═══ Raw data ═══
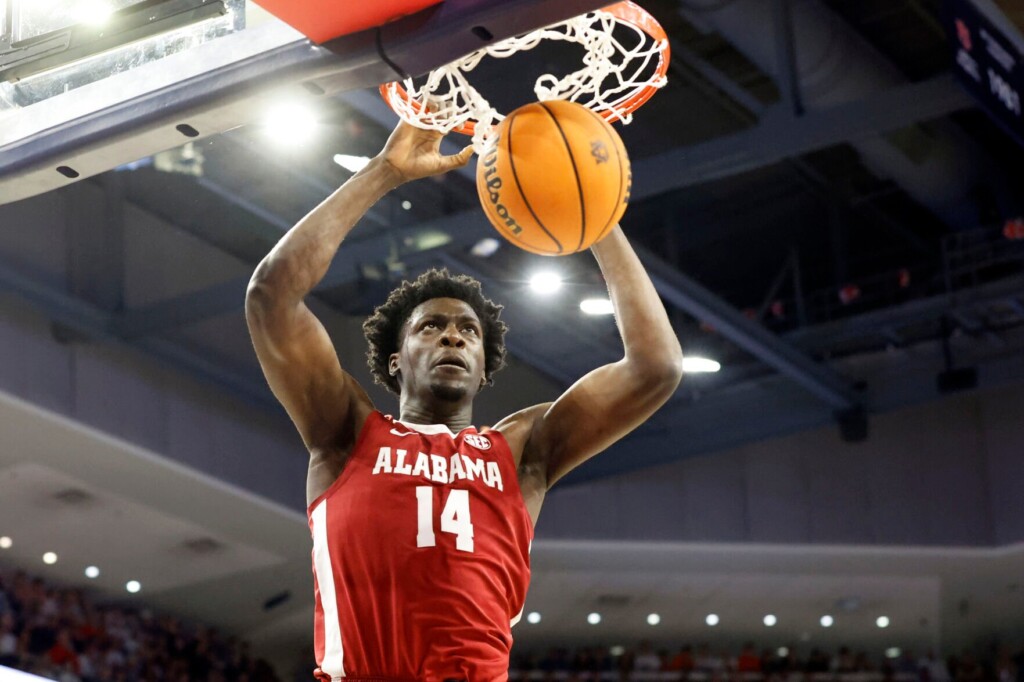 No. 3 Alabama Holds Off Rival Auburn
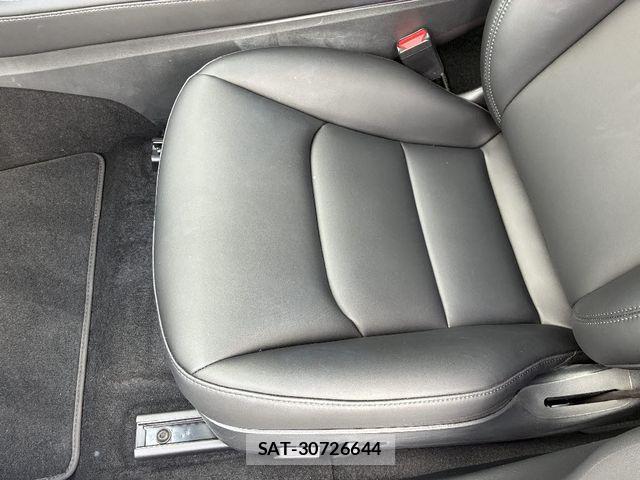 Tesla MODEL 3 2022-06 7510277-15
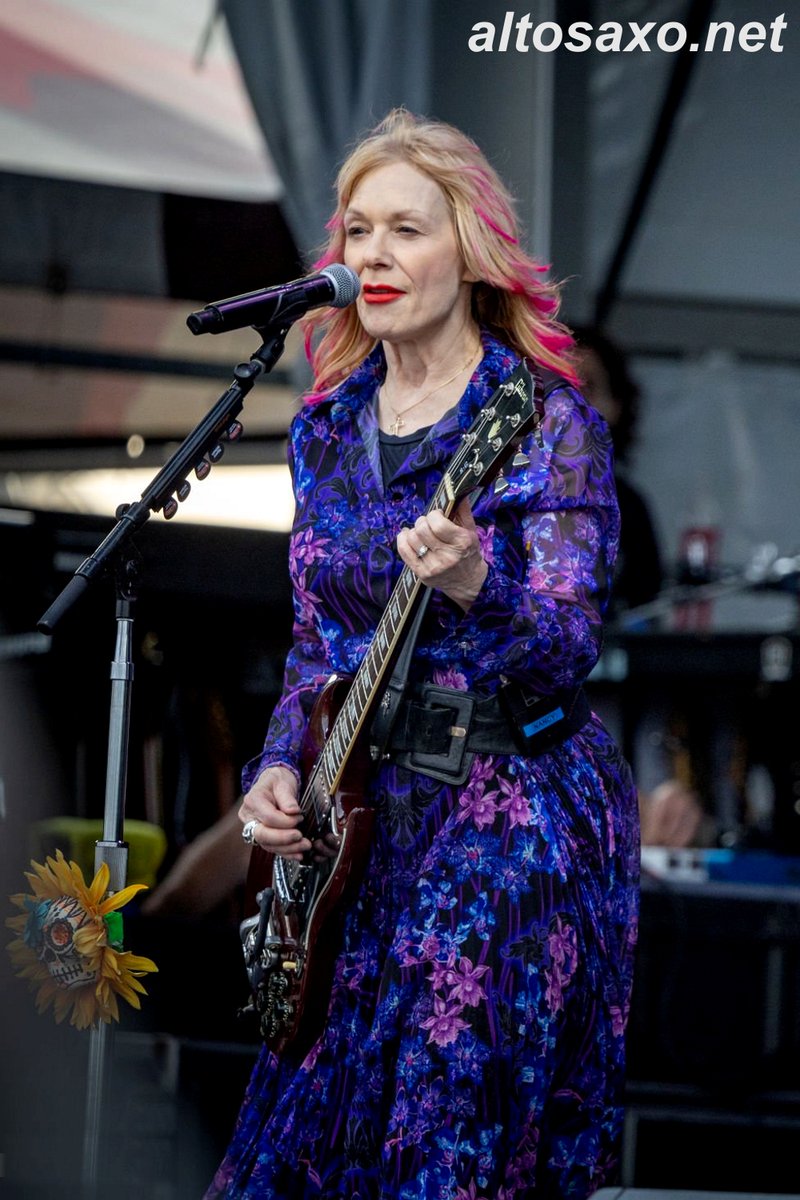 Nancy Wilson of Heart performs live at New Orleans Jazz & Heritage Festival 2024 at Fair Grounds Race Course in New Orleans on April 28, 2024. #Heartband #JazzFest #NewOrleansJazzFest 
ALTOSAXO Music Apparel 
altosaxo.net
═══
What you need to do: Transcribe the entries above verbatim, omitting their pictures.

Exercise answer:
 No. 3 Alabama Holds Off Rival Auburn
 Tesla MODEL 3 2022-06 7510277-15
 Nancy Wilson of Heart performs live at New Orleans Jazz & Heritage Festival 2024 at Fair Grounds Race Course in New Orleans on April 28, 2024. #Heartband #JazzFest #NewOrleansJazzFest 
ALTOSAXO Music Apparel 
altosaxo.net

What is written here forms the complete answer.